2) The pro community is quite diverse, so again, just because that was your experience doesn't mean it's applicable generally. Here's a quote from John Ternus, Apple's VP of Hardware Engineering (from techcruch article linked above):

“We said in the meeting last year that the pro community isn’t one thing. It’s very diverse. There’s many different types of pros and obviously they go really deep into the hardware and software and are pushing everything to its limit."

Many of the customers for the higher-end Macs are smaller specialty shops that do post production, video rendering, etc., and don't have IT departments or leasing arrangements, etc. For them it's simpler and more cost-effective to upgrade their existing machines than to buy new ones. [Buying a new machine means swapping everything out, and also making arrangements to sell the old machine, both of which are much more inconvenient than just, say, upgrading the RAM.] And AppleCare now offers warranties extendable beyond 3 years.

3) You wrote "Should your demands change in an unpredictable manner, upgradeability does not help. It is never the case that you go "oh, I have misjudged how much RAM I need, I should have bought 64GB instead of 16GB."

On the contrary, when I was doing my Ph.D. I specced out a G5 tower that was fine for my computational needs for the first two years (both local computation, and development work for programs I would then send to the university's clusters). But then my needs expanded (research, after all, can take you in unexpected directions), and I recall having to increase both the RAM and HD size. It was good I could do that, because my PI didn't have the budget to buy me a new computer.

polyphenol · Jun 20, 2021

One2Grift said:
Intel has been, in the past, an outstanding performer.

As with the well-known phrase "No-one ever got sacked of buying IBM" and that company's FUD policies, Intel managed to push their products by pushing the message that anything else was questionable.

deconstruct60 · Jun 20, 2021

EntropyQ3 said:
. Going from 8 to 128 GPU units is a factor of 16. No socketed memory system will offer 1100GB/s in a Mac Pro. And this is about the Mac Pro, no portables or anorectic iMacs are likely at the power levels these solutions will probably end up, which also means that we don’t need to constrain ourselves to mobile packaging.

The M1 has two memory 3D stacks attached (with 4 memory channels to each chip). Going from 8 GPU cores to 128 cores also means the whole combined chip area gets bigger. For example, if Apple went with a much bigger 32GPU chiplet than the M1 that had eight memory 3D then there would an increase of 4 for the GPU core count and a increase of 4 for the memory stacks ( 4 * 8 = 32 , 4 * 2 = 8 ).

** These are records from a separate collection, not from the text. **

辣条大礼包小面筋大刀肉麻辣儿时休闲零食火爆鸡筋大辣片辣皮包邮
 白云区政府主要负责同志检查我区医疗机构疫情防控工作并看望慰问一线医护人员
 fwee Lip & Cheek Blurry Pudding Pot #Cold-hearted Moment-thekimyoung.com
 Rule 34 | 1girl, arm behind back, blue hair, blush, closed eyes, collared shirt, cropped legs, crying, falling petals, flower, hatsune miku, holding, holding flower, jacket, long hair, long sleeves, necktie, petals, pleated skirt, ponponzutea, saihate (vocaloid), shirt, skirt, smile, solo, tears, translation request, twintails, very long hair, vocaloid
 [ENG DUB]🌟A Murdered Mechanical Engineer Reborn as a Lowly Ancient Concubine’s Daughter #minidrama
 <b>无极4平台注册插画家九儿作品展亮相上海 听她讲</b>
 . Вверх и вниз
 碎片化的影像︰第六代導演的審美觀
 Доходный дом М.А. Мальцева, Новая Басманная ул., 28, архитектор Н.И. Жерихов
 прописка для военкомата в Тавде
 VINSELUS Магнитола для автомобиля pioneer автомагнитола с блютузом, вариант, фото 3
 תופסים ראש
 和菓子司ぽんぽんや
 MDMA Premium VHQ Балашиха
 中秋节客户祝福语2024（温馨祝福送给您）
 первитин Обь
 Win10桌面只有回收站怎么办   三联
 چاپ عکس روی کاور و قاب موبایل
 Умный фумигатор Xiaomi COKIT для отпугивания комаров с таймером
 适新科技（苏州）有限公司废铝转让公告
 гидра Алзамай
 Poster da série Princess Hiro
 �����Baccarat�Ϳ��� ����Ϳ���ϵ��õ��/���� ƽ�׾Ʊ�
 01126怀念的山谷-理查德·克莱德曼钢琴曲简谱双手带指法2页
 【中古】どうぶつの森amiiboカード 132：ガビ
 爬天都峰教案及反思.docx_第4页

What Apple would likely be throwing away is anything like the x64 PCI-e v4 lanes on a Xeon W-3300/3200 or AMD's 128 PCI-e lane count on Threadripper and EPYC. On the M1 about half of the whole circumfernce of the outer part of the whole die is just memory controllers ( eight). That is about the same where upper end Intel and AMD server packages go on a far smaller die. Apple doesn't particulary care about off chip PCI-e bandwith on the M1. If they carry that over to whatever they do for the first iteration (or two ) for the Mac Pro it is possible to double , triple what the "socketed CPU " packages do by making a tradeoff they don't do. ( using those off die connection point for even more point-to-point connection to RAM dies inside of close packed 3D memory modules).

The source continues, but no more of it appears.